Accounts of the Hazaras' dark history have been passed down through generations, a cultural inheritance of sorts. "It was an embarrassment for Hazara people to show their ethnicity," recalls Habiba Sarobi, Bamian's governor. Mohammed Mohaqeq, the former Hazara commander who received the most votes in the 2005 parliamentary elections, says, "We were like donkeys, good for carrying things from one place to another."Shafaq was in tenth grade when the Taliban rose to power in 1996, promising security to a populace tired of the bitter conflict among ethnic warlords, including Hazara factions. A year earlier, the Taliban had brutally murdered Abdul Ali Mazari—a charismatic leader sometimes called the father of the Hazara people—who had helped found "the party of unity," or Hezb i Wahdat, in an effort to stop the infighting among Hazaras. After his death, the party splintered, and Taliban forces soon spread across Hazarajat.

"I was working with my father in the field when my sister ran to us and said, 'The Taliban are everywhere,'" Shafaq says. Villagers fashioned white flags from bags of fertilizer. Local leaders struck deals to appease the Taliban. Shafaq hid his books.

It was an ugly war. In Bamian Province, Wahdat fighters hoped to prevent the Taliban from taking the few parts of the country they'd yet to conquer. Schools closed. Crops lay unattended. Families fled for Iran or for the hills. The Taliban imposed a blockade on Hazarajat, prompting food shortages in a region already suffering from drought. In Bamian, the bazaar was torched and scores of families sought sanctuary in the caves near the Buddhas.

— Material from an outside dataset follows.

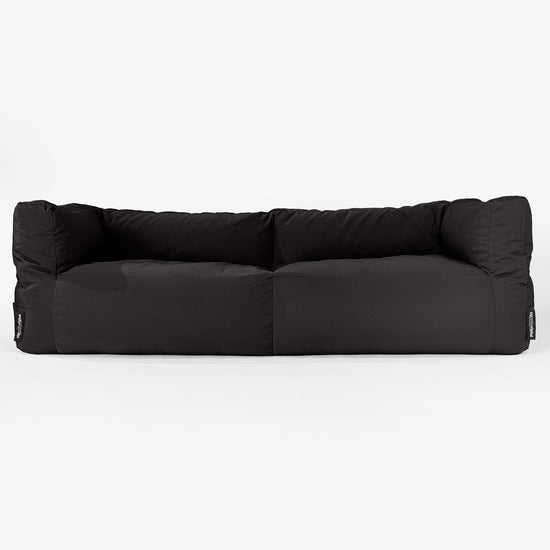 SoleiStorm™ Ultra 2000 h+ 3-sitsig Saccosäckssoffa för Utomhusbruk - Svart 01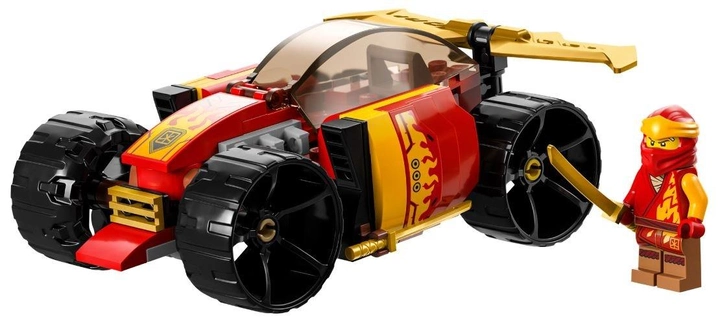 Zestaw klocków LEGO Ninjago Samochód wyścigowy ninja Kaia EVO 94 elementy (71780) - obraz 2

In early 2001, in the coldest days of a brutal Hazarajat winter, the horror came to the district of Yakawlang. On January 8, the Taliban rounded up young Hazara men in Nayak, the district center. "People were thinking they would be taken to court," recalls Sayed Jawhar Amal, a teacher in the nearby village of Kata Khona. "But at 8 a.m. they were killed. All of them." The men were lined up and shot in public view. When elders from Kata Khona inquired about young men from their community, they were also killed. In all, Human Rights Watch concluded, more than 170 were exe-cuted in four days. "Because we were Shia. That was the only reason," says Mohsin Moisafid, 55, of Kata Khona, who lost two brothers that day.